§ Records shown
┌──

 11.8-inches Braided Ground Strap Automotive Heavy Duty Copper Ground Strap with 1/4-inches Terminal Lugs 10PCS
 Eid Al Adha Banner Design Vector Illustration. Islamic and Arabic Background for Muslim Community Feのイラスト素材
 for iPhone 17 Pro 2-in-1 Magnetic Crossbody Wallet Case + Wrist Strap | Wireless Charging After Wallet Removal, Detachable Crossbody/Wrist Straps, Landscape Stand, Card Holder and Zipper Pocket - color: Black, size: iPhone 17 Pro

└──
┌──

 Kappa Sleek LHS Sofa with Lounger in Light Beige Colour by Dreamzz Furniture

└──
┌──

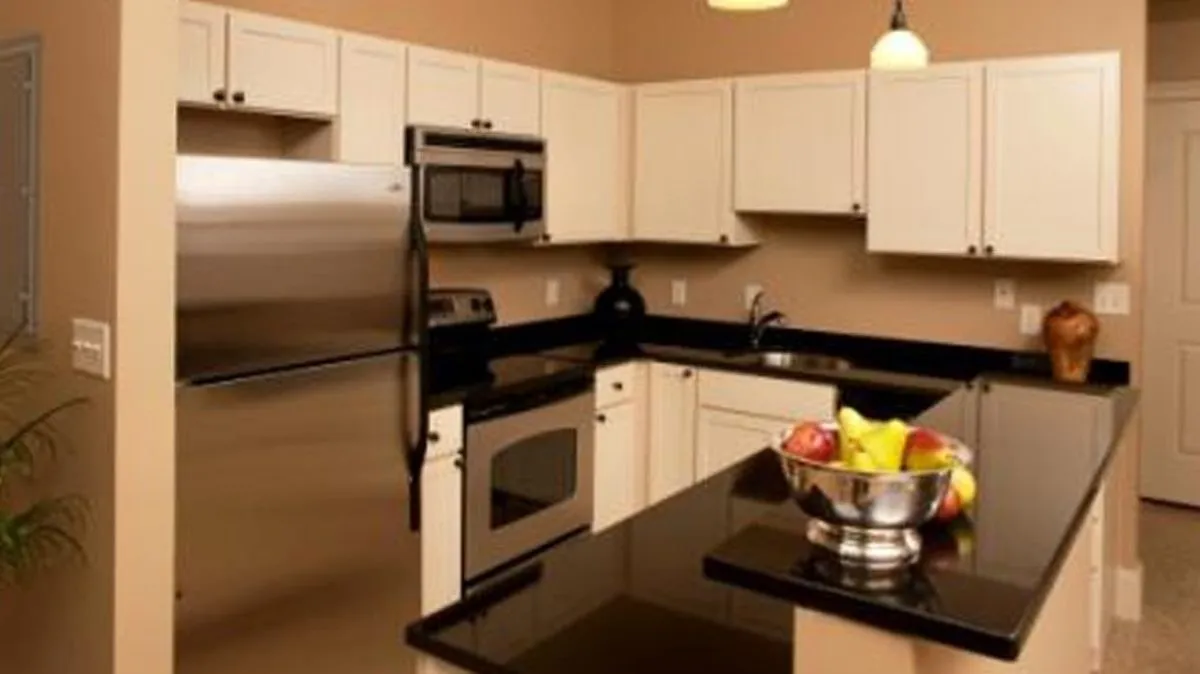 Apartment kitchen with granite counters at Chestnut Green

└──

§ Your objective
Take exactly the lines from the one containing "Eid Al Adha" through the one containing "for iPhone 17" in the data above, and output them with nothing added.

§ Response to the exercise
 Eid Al Adha Banner Design Vector Illustration. Islamic and Arabic Background for Muslim Community Feのイラスト素材
 for iPhone 17 Pro 2-in-1 Magnetic Crossbody Wallet Case + Wrist Strap | Wireless Charging After Wallet Removal, Detachable Crossbody/Wrist Straps, Landscape Stand, Card Holder and Zipper Pocket - color: Black, size: iPhone 17 Pro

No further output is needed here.